Ein Wechselmodell komme nur dann in Betracht, wenn die Eltern in der Lage seien, ihre Konflikte einzudämmen, sie hoch motiviert und an den Kindesbedürfnissen ausgerichtet seien und zudem eine kontinuierliche Kommunikation und Kooperation von ihnen gewollt sei und auch praktiziert werde.
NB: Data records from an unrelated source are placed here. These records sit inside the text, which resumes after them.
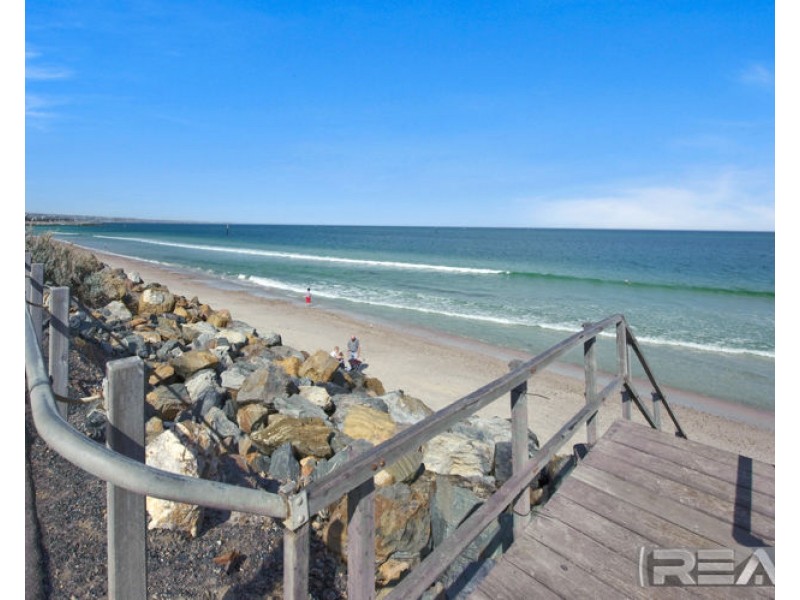 10 Dennis Drive, West Beach SA 5024
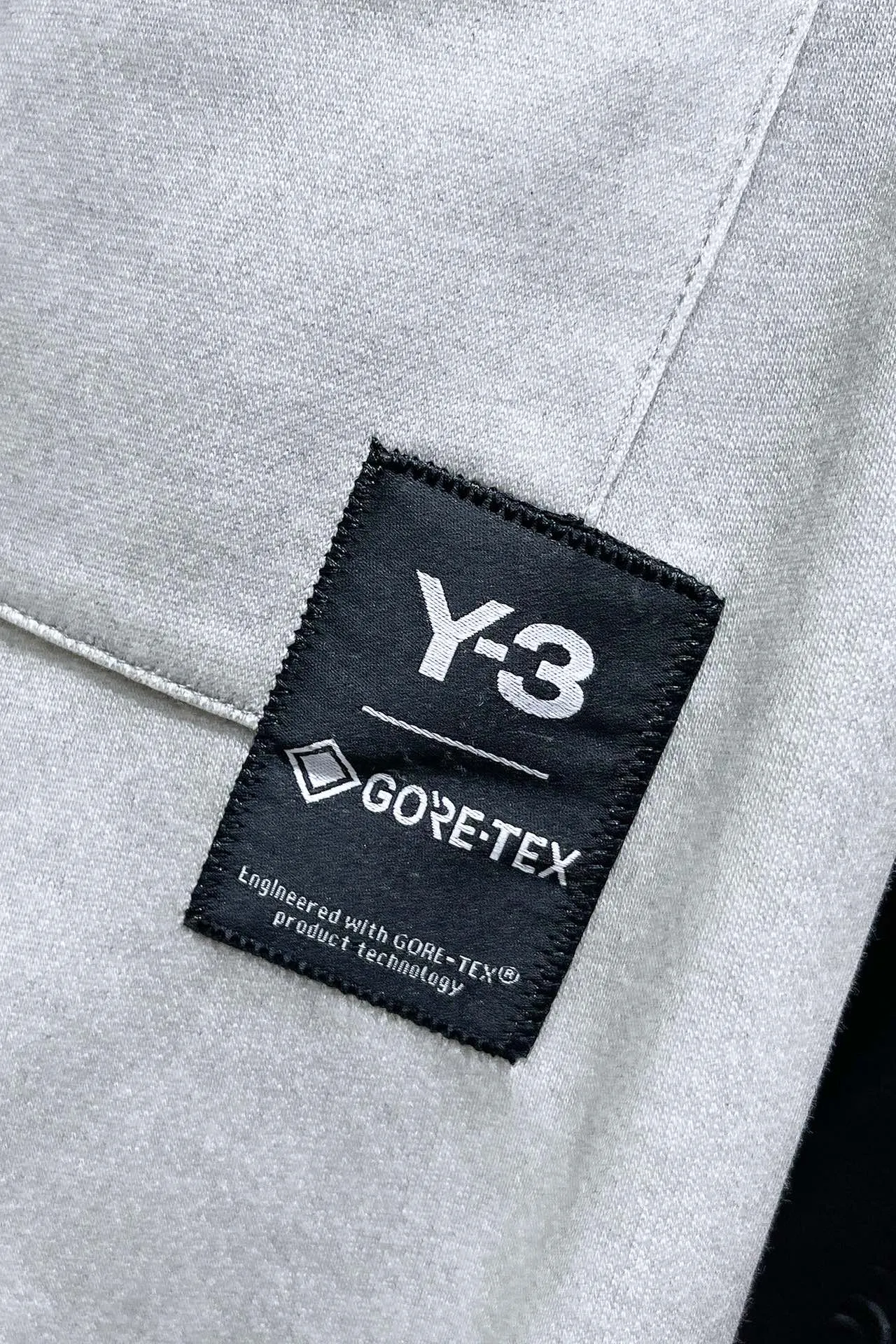 Y 3 Complete three standards 2026 summer New Arrival men's casual shorts, advanced custom-made Breathable fabric Breathable fabric with high elasticity and comfort, impeccable details, top-grade accessories, original logo design concept, delicate and soft feel! The upper body fit is awesome! Size: M-XXXL Please state your height and weight when ordering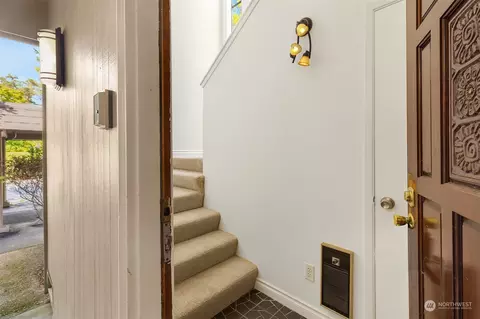 6469 Sand Point Way NE #B2, Seattle, WA 98115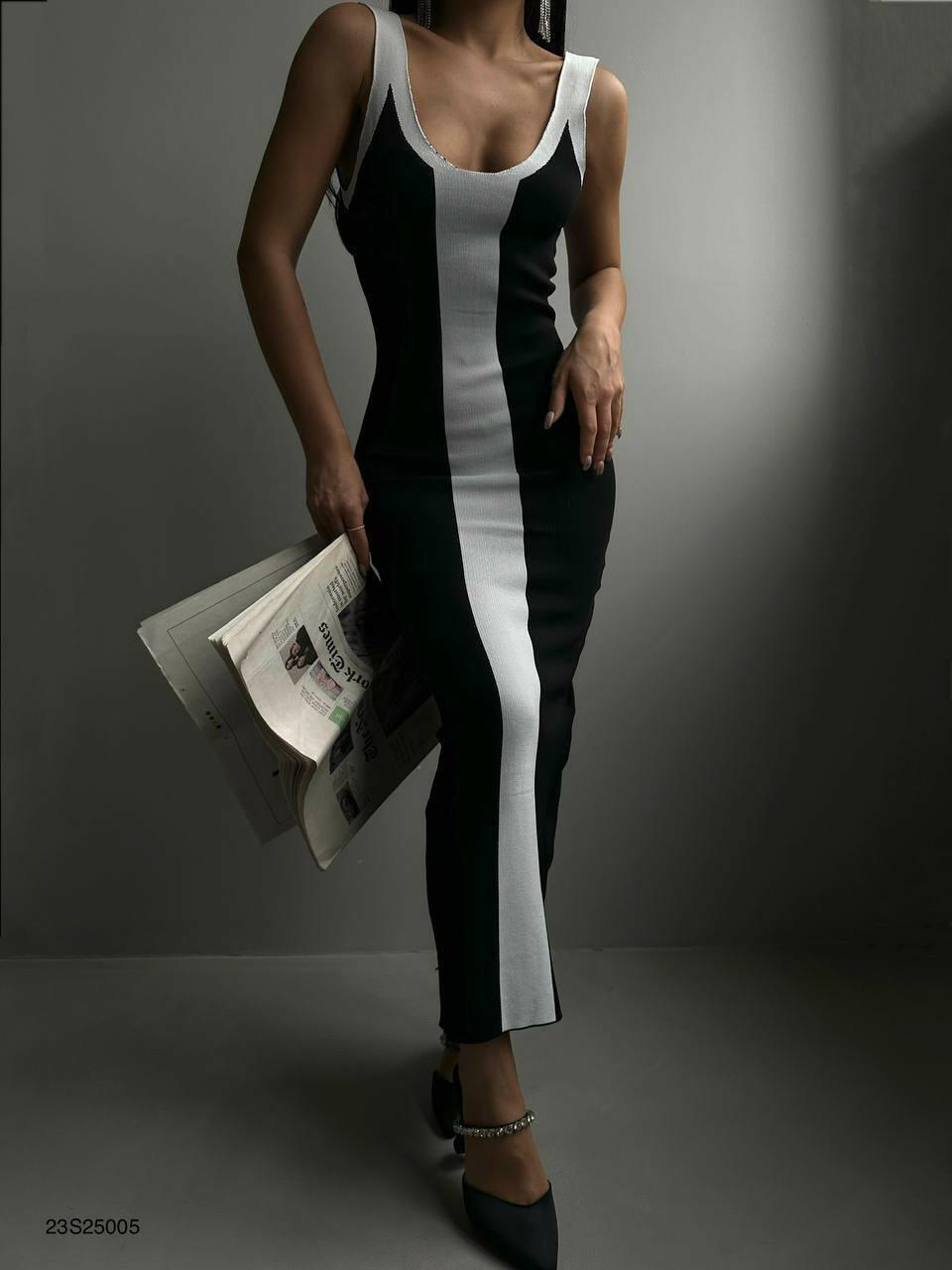 Double Color Back Slit Side Detail Dress BF23S25005 Black-White.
Diese Voraussetzungen waren nach den Feststellungen des OLG hier nicht gegeben. Dass die Eltern über die Belange der Kinder nicht konfliktfrei kommunizieren und kooperieren könnten, habe sich im Rahmen der Anhörung anschaulich gezeigt. Dadurch seien die in die gleiche Richtung gehenden Feststellungen der Sachverständigen bestätigt worden. Das Wechselmodell habe für die Kinder mit sich gebracht, dass für sie ein Lebensmittelpunkt fehle. Sie seien durch das hohe Konfliktpotential zwischen den Eltern stark belastet. Anhaltspunkte dafür, dass die Mutter ihren Antrag aus eigennützigen Motiven gestellt habe, sah das OLG nicht.
Hinweis
In dieser Entscheidung hat das OLG Koblenz nicht nur die bisherige Rechtsprechung zu den Voraussetzungen eines Wechselmodells aufgezeigt, sondern auch Prüfungskriterien für die praktische Beurteilung eines konkreten Sachverhalts zur Verfügung gestellt.